この問題を裁く基準として、三島由紀夫の次のような考え方があります。
「 何がわれわれをそんなに破滅の衝動に追いやるか、私は建設的な
芸術というものをいつまでたっても信じることができない、そして芸術の
根本にあるものは、人を普通の市民生活における健全な思考から目
覚めさせて、ギョッとさせるということにかかっているという考えが失せ
ない。もし、芸術家のやることが市民の考えることと全然同じになって
しまったら、芸術が出てくる動機がないのである。
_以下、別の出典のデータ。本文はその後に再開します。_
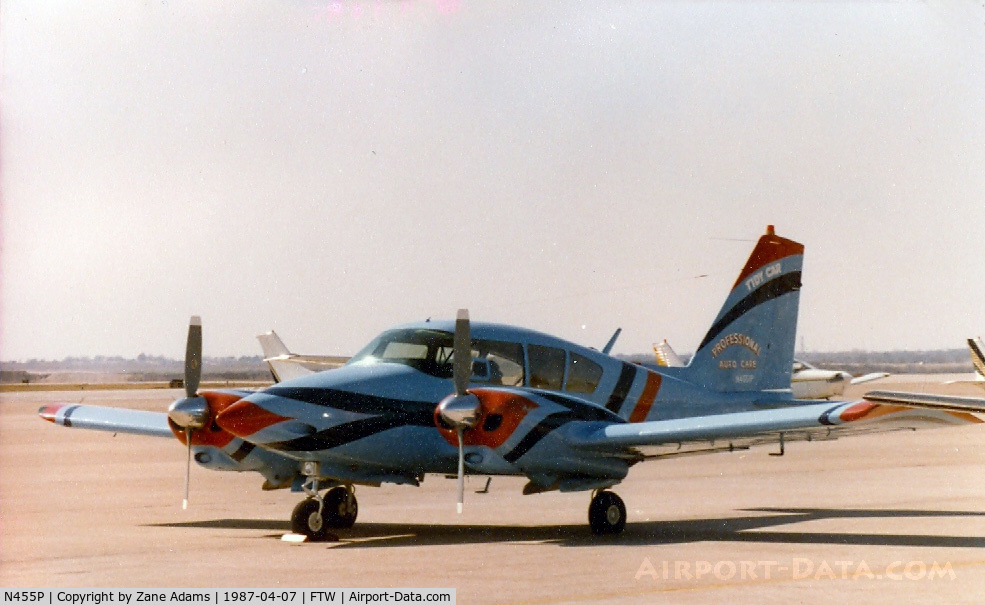 N455P, 1999 Raytheon Aircraft Company A36 Bonanza C/N E3276, Piper Aztec - Tidy Car paint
」
(「私が魅せられたもの」
から)
また、どこで読んだのかまったく忘れてしまいましたが、たぶん1970年
前後に唐十郎が、本当かどうかわかりませんが、歌舞伎の語源は「かぶく」
という動詞であり、それは「攻撃する」という意味である、というようなことを
書いていた記憶があります。
私は、彼らの考えにまったく賛成であり、やや一般化すれば、「芸術とは日
常性に対する攻撃である」ということになると考えています。
したがって、攻撃の意図がそもそもないものは「芸術」とはいえず、設問に
対する私の答は「ノー」です。
秀吉が千利休に切腹を命じなければならなかった必然性も権力に迎合し
ない芸術の攻撃性にあったと考えられます。